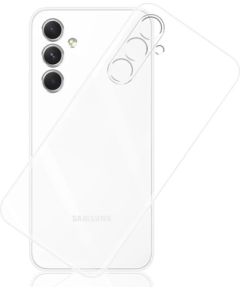 Mocco Original Clear Case 2mm Aizmugurējais Silikona Apvalks Priekš Samsung Galaxy S24 Plus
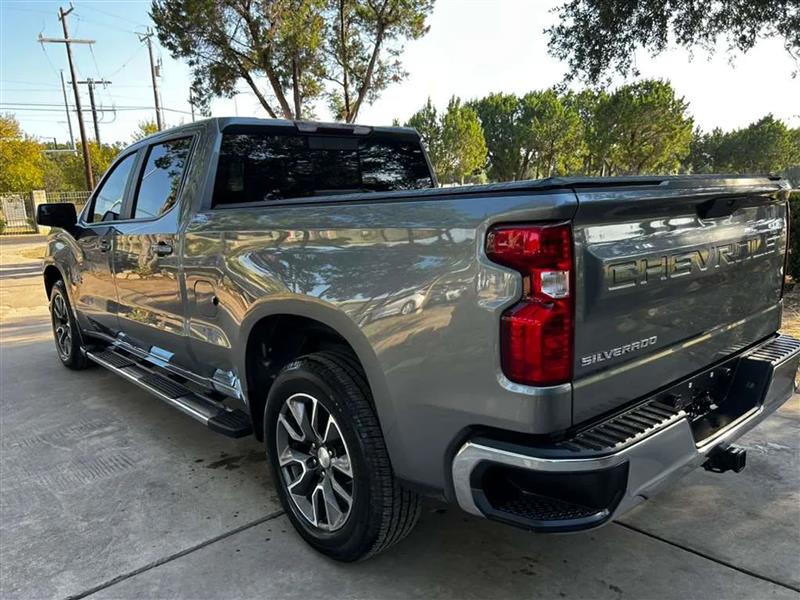 Chevrolet Silverado 1500 LT Crew Cab 2WD 2021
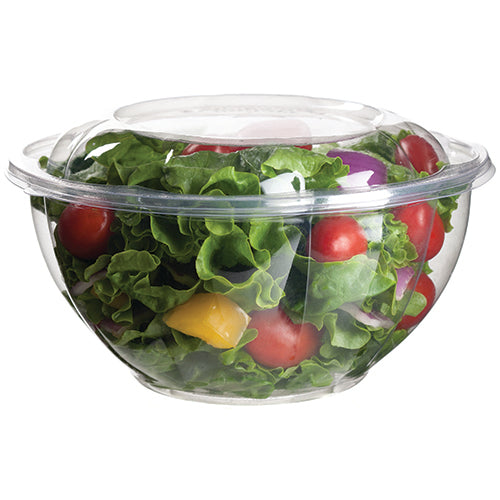 Salad Bowls w/ Lids - 32oz (PLA)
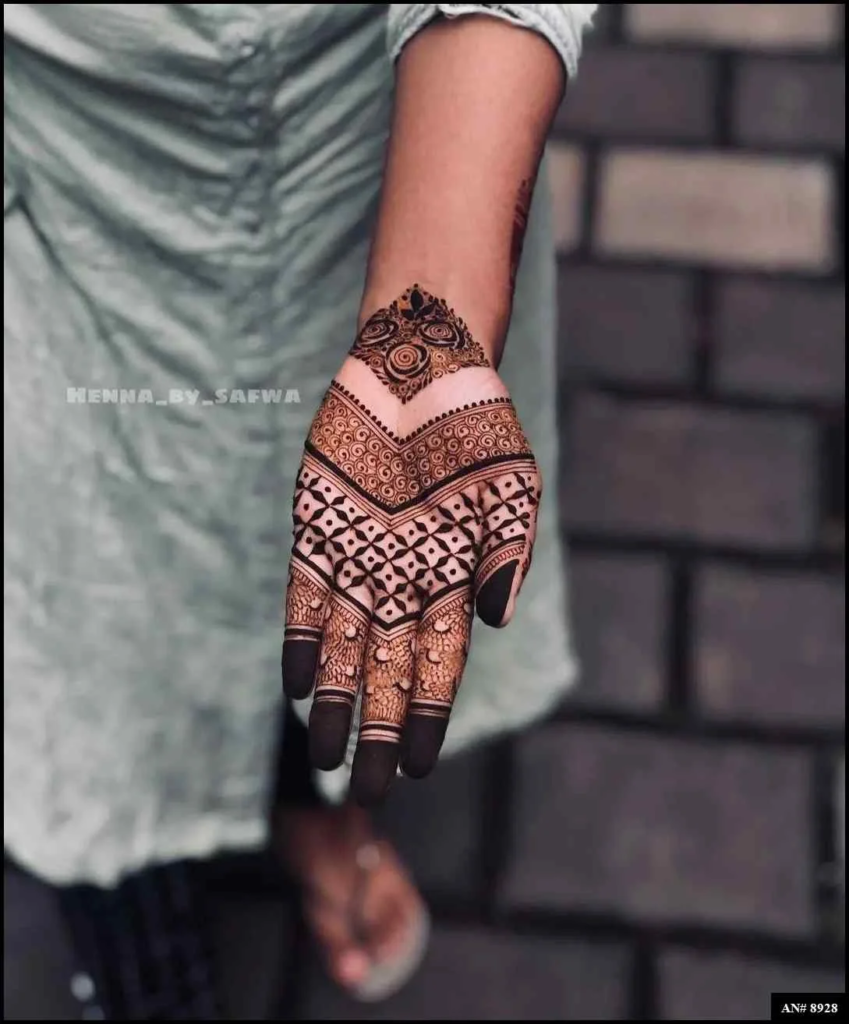 Arabic Mehndi Designs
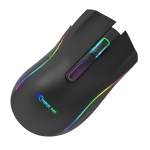 Wired Mouse Xtrike ME GM-314 Black, GAMING, RGB LED, USB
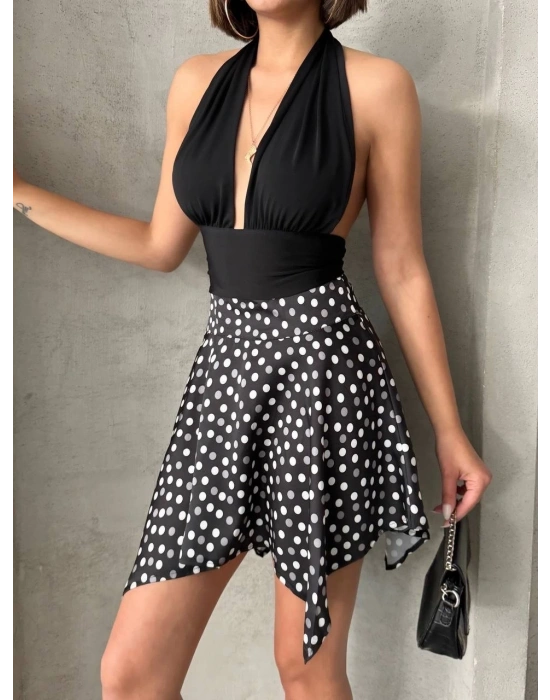 Puantiyeli etek s25900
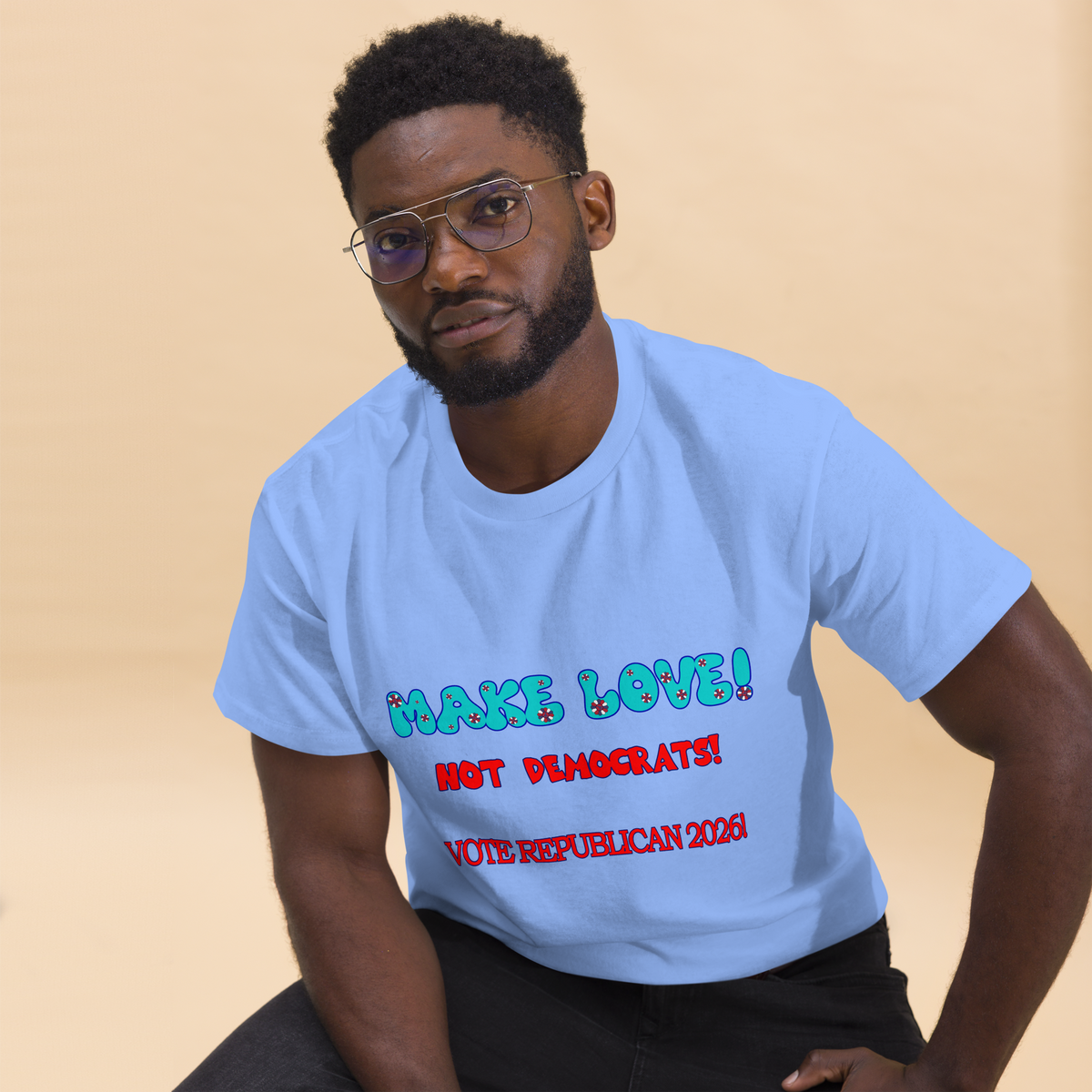 Unisex Make Love Tee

____

#### Problem to solve:
Retype all the records exactly and keep out every picture.

#### Task result:
 Mocco Original Clear Case 2mm Aizmugurējais Silikona Apvalks Priekš Samsung Galaxy S24 Plus
 Chevrolet Silverado 1500 LT Crew Cab 2WD 2021
 Salad Bowls w/ Lids - 32oz (PLA)
 Arabic Mehndi Designs
 Wired Mouse Xtrike ME GM-314 Black, GAMING, RGB LED, USB
 Puantiyeli etek s25900
 Unisex Make Love Tee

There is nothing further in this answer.